ブレーキ始動から2kmも、なんて言って、地震が起きたら1mたりとも動いてはならない、ようなことを主張していますが、もう一つ、根本的な問題をマスコミは忘れています。クルマで急ブレーキをかけたとき、自分はどうなるか。シートベルトをしていなければ、たかだか40km/h程度で走っていても、フロントガラスに一直線です。ましてや、200km/hで走る新幹線です。しかも乗客はシートベルトをしていない。もし、仮に制動距離が500mそこそこだとすると、乗客にかかる力は単純計算してその4倍。まあ、吹っ飛ぶでしょうね。列車が止まったのはいい。新幹線というハードは壊れなかったけど、車内は血の海、なんてことになりかねないのです。これだと、安全神話って何やねん、ということになるんですが、マスコミはそのことをわかってるのかと。わかってないんでしょう。
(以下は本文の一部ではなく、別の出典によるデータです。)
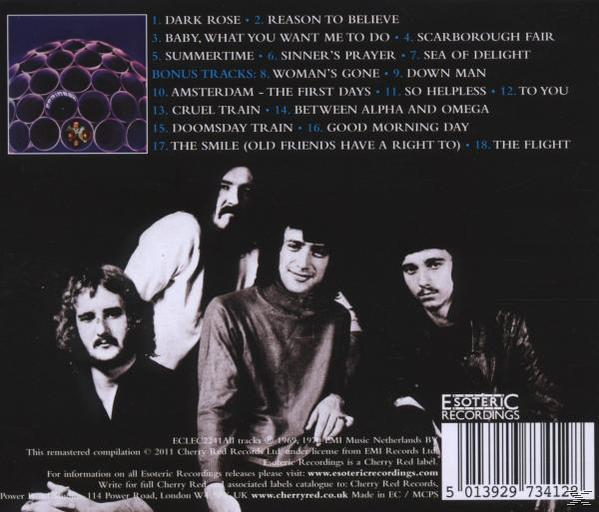 Albumcover mit Bandmitgliedern und Songtiteln.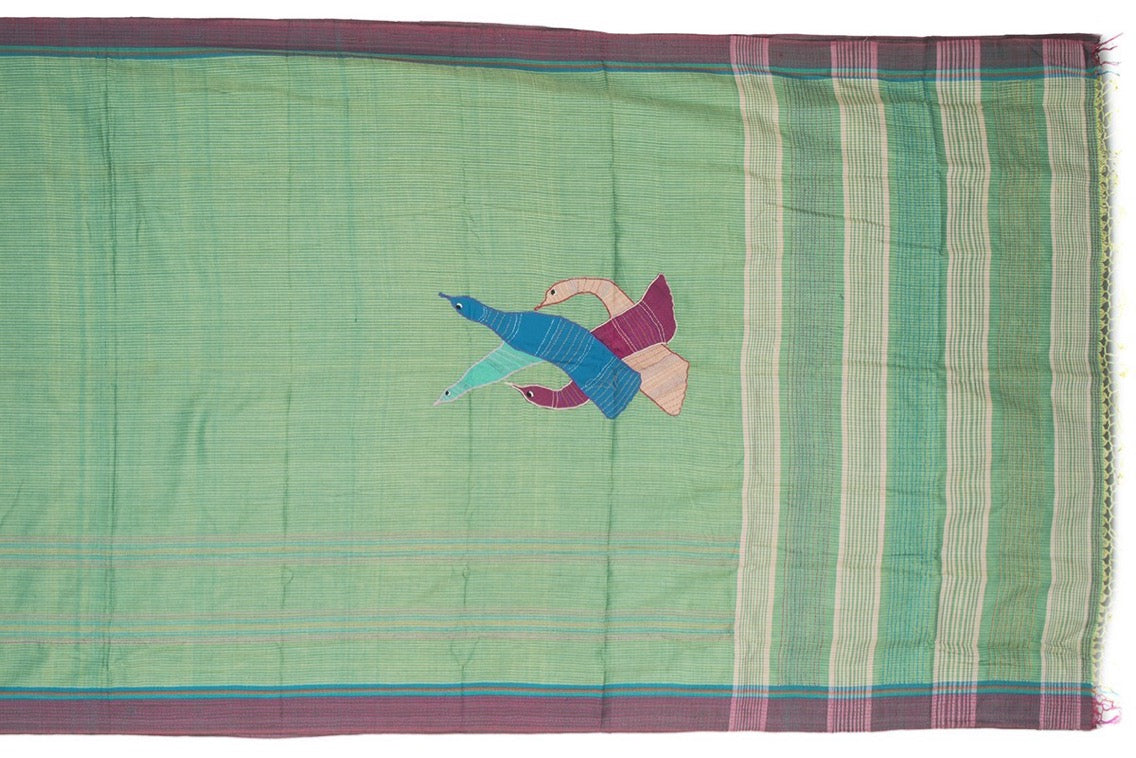Gond Kantha Applique Cotton Handloom Sari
私は今回、新幹線には橋脚等も含めて震災対策としては満点を差し上げたい。橋脚は破損しているけど、阪神大震災のときの阪神高速のように倒壊した箇所は一つもないしね。日本は地震の起きる場所で暮らしている。だから「ここまでは現状でできる対策だ」というところを何らかの理由をもって立てるしかない。その理由は、予算によるところも多い。耐震構造にすることは当たり前の話ですが、コストがかかる。コストはそのまま税金や利用料金に跳ね返る。そのバランスをどこで取るか、ということです。その辺のバランスを論じないまま「安全神話崩壊」と叫ぶなんぞ、無責任も甚だしい。
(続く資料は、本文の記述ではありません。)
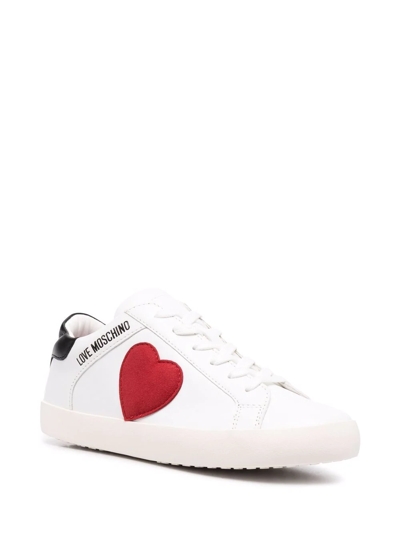 Shop Love Moschino Heart-print Sneakers In White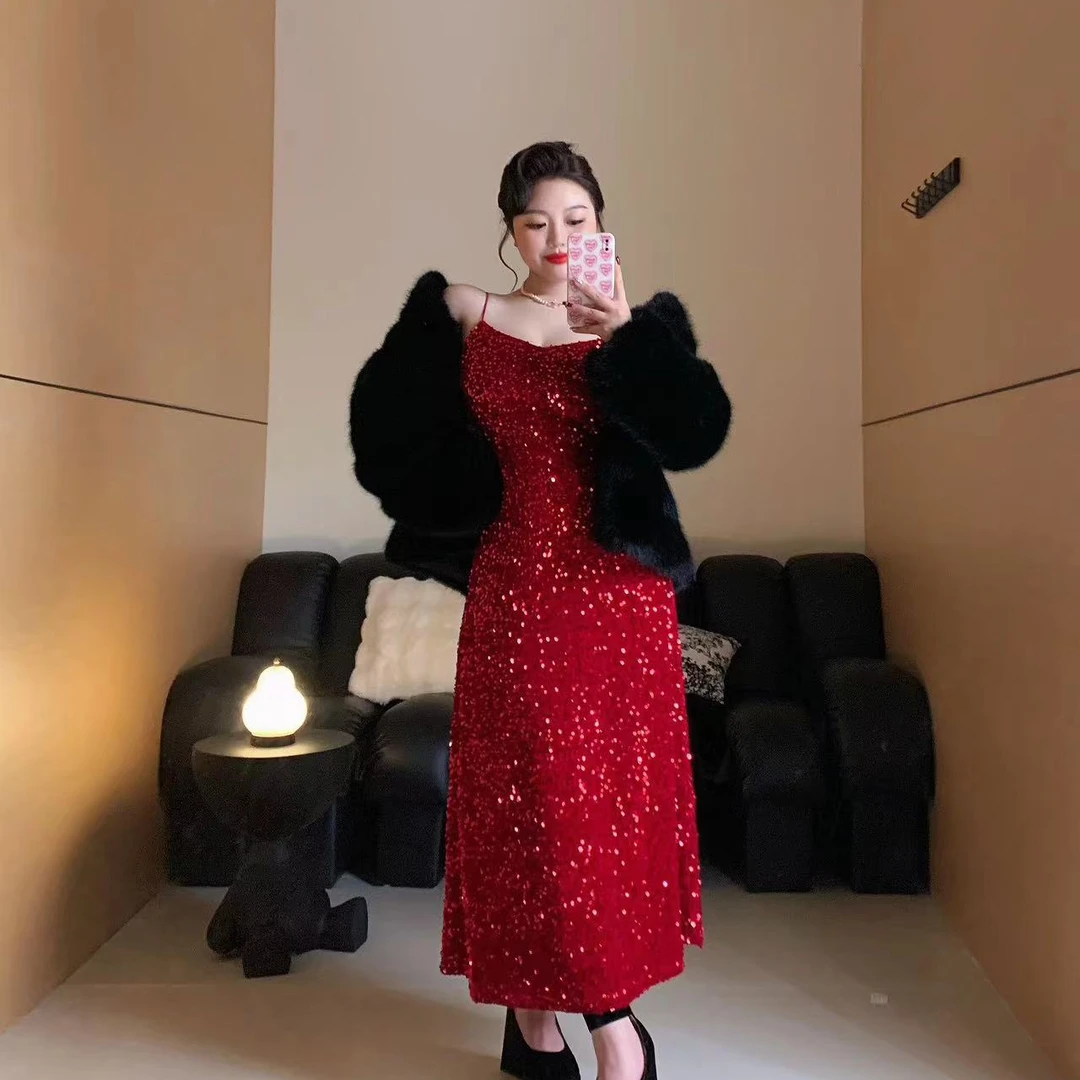 慧芝huizhi 年会bling战裙 定制款 亮片收腰吊带显瘦女人味连衣裙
そんなことでJRの揚げ足を取り、鉄道技術者を愚弄する連中は、今日もヘリコプターで被災地上空に騒音を撒き散らし、疲弊した被災者にマイクを向ける。ましてや女性なんぞ、この状況で化粧することすらままならぬ、その顔を全国に流す。何の権利あってそんな横暴が許されるのか。取材のついでに、社内で集めた救援物資でも持っていったのか? たとえそれが自分たちが取材した場所だけだったとしても、それは役に立つはず。こんなときだけ「公平を欠く」とか抜かしやがるんだろうけどね。
政府・自治体・自衛隊ほか、多くの組織は阪神大震災を教訓に行動できている。しかし、マスコミは全く成長していない。そのことは、インタネットの住人たちはしっかり見抜いているぞ。